[WHAT THIS TASK INVOLVES] Nothing but the lines from the one containing "Dolce Vita Women's" through the end of the data should be output, each reproduced exactly.

[Stored data entries]
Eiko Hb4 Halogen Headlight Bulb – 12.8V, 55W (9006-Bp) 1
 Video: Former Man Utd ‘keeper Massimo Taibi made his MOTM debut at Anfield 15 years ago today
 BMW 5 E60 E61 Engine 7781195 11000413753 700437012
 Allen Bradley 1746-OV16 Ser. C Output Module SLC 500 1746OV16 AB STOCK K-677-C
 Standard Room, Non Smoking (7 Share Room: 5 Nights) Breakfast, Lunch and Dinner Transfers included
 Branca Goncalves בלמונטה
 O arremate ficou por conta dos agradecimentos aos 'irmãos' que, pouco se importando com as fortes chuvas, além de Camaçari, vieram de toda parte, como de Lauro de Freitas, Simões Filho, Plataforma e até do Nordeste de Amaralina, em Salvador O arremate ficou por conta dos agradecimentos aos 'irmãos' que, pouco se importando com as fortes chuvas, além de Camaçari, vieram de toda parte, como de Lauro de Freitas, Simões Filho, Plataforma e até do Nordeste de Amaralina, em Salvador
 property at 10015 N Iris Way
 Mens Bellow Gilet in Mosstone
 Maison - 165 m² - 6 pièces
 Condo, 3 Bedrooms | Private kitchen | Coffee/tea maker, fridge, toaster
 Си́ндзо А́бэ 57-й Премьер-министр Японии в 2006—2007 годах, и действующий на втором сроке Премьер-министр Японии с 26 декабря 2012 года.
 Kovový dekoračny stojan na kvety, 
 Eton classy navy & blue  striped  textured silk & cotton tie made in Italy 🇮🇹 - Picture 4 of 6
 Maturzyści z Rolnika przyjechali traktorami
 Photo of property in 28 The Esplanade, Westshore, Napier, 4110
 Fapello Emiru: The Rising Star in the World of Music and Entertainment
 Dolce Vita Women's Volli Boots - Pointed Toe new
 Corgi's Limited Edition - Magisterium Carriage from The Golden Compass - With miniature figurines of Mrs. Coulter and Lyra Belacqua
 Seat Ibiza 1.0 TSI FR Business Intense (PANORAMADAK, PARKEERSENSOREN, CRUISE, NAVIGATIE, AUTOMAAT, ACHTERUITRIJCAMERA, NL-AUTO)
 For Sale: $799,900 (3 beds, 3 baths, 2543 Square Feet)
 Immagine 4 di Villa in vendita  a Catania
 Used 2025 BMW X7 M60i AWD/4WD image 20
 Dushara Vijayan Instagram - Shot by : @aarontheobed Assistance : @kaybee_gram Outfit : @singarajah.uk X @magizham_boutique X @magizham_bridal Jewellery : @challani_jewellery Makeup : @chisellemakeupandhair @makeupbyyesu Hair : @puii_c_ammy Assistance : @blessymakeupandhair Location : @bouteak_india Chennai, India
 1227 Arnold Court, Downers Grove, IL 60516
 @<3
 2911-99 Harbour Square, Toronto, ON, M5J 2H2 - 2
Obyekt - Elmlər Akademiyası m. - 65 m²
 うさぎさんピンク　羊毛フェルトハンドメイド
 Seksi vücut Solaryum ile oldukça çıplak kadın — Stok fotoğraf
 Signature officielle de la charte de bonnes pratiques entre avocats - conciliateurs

[FINAL ANSWER]
 Dolce Vita Women's Volli Boots - Pointed Toe new
 Corgi's Limited Edition - Magisterium Carriage from The Golden Compass - With miniature figurines of Mrs. Coulter and Lyra Belacqua
 Seat Ibiza 1.0 TSI FR Business Intense (PANORAMADAK, PARKEERSENSOREN, CRUISE, NAVIGATIE, AUTOMAAT, ACHTERUITRIJCAMERA, NL-AUTO)
 For Sale: $799,900 (3 beds, 3 baths, 2543 Square Feet)
 Immagine 4 di Villa in vendita  a Catania
 Used 2025 BMW X7 M60i AWD/4WD image 20
 Dushara Vijayan Instagram - Shot by : @aarontheobed Assistance : @kaybee_gram Outfit : @singarajah.uk X @magizham_boutique X @magizham_bridal Jewellery : @challani_jewellery Makeup : @chisellemakeupandhair @makeupbyyesu Hair : @puii_c_ammy Assistance : @blessymakeupandhair Location : @bouteak_india Chennai, India
 1227 Arnold Court, Downers Grove, IL 60516
 @<3
 2911-99 Harbour Square, Toronto, ON, M5J 2H2 - 2
Obyekt - Elmlər Akademiyası m. - 65 m²
 うさぎさんピンク　羊毛フェルトハンドメイド
 Seksi vücut Solaryum ile oldukça çıplak kadın — Stok fotoğraf
 Signature officielle de la charte de bonnes pratiques entre avocats - conciliateurs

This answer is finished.